An Experiment in Alpine Flimmaking
Last week, the magazine’s web editor Alexis pulled me aside to share some news: Portland Monthly had just purchased a Flip Camera for use by our bloggers, and she was curious if I wanted to test the gizmo out.
After a heated debate on the merits of going for a Reno 911-style approach to documentary footage, I reluctantly agreed that playing things closer to vest might be advisable, at least right out of the gate, anyway. Instead, I decided the most logical thing to do was to try and break our new toy by volunteering to haul it up to Meadows with a friend in order to capture the last day of the ski season on camera.
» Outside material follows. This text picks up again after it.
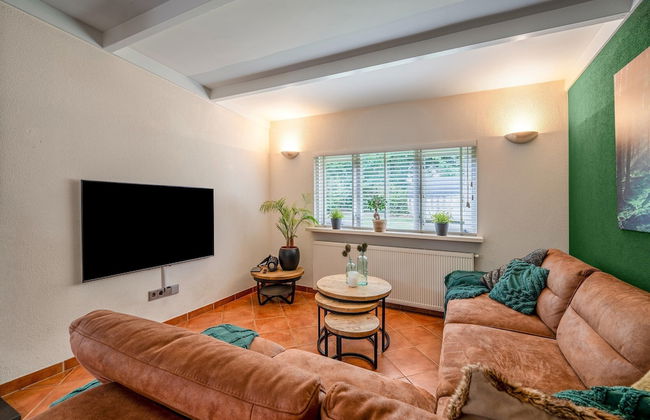 Dog-friendly Stay w/ Spa - Photo 15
Lucky for me, the Flip cam turned out to be pretty darn durable. During its inaugural test run this thing managed to endure an afternoon thunderstorm, a pocket full of wet snow, and a few errant smears of mustard during lunch (nothing a little more wet snow couldn’t fix).
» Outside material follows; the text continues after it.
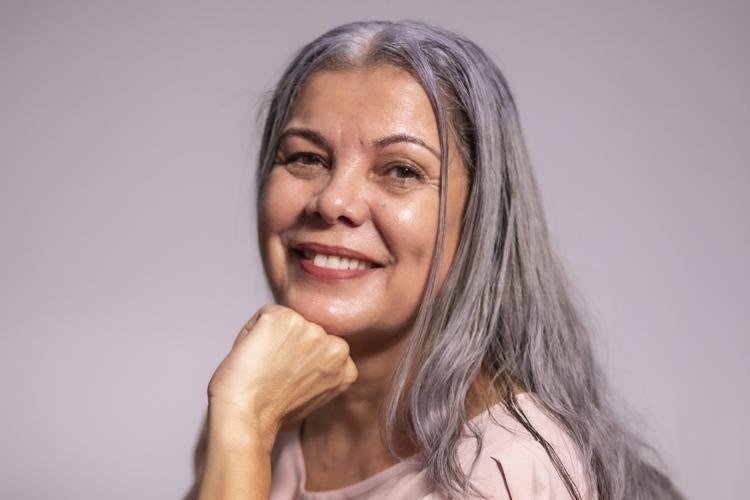 Ela, uma mãe ribeirinha: livro retrata desafios e solidariedade de brasileiras comuns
More importantly, for my all coworkers who are assigned similar tasks in the future, I gleaned the following helpful hints for solid reporting.
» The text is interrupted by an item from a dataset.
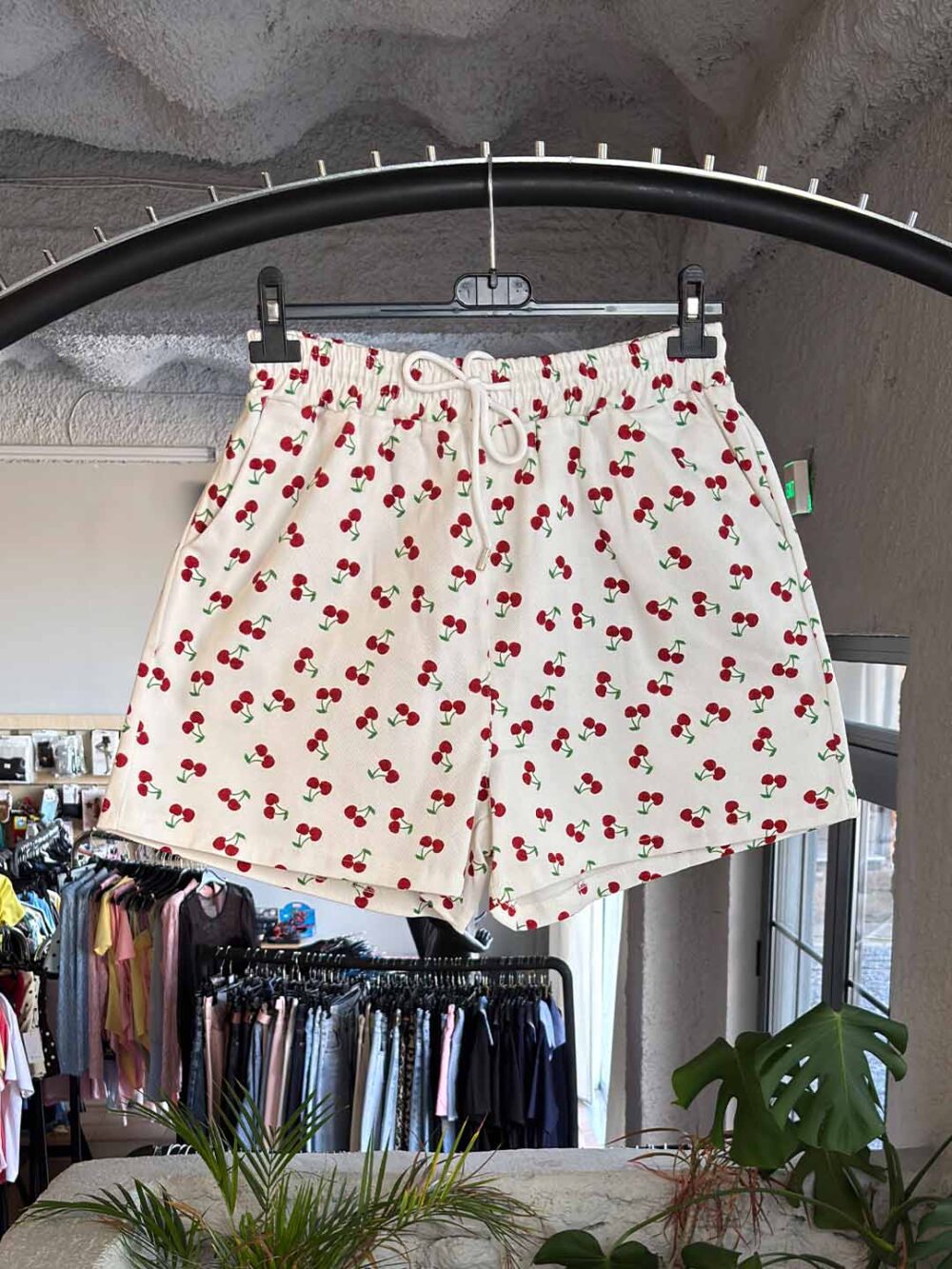 g leuko shorts kerasakia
For starters, if you stick a camera in someone’s face and yell something like, “It’s the last day of the season! Yeehaw!”, they generally respond in a favorable manner.
Especially, when you compliment their particular alpine panache. (Guy skiing in a yellow polo shirt and golf shorts, I’m talking to you). And if you want to actually record what someone is saying, it helps to remove your gloves, as a few of the Flip’s buttons are harder to press than initially thought. (Sorry, Mr. Lift Op. Your words were truly bro-rific.)
Most importantly, on a personal level, I learned that I have no business applying to be a Warren Miller cameraman. But hey, there’s always next season.
Note: Special thanks to my friend Chris for putting up with my shoddy camera work.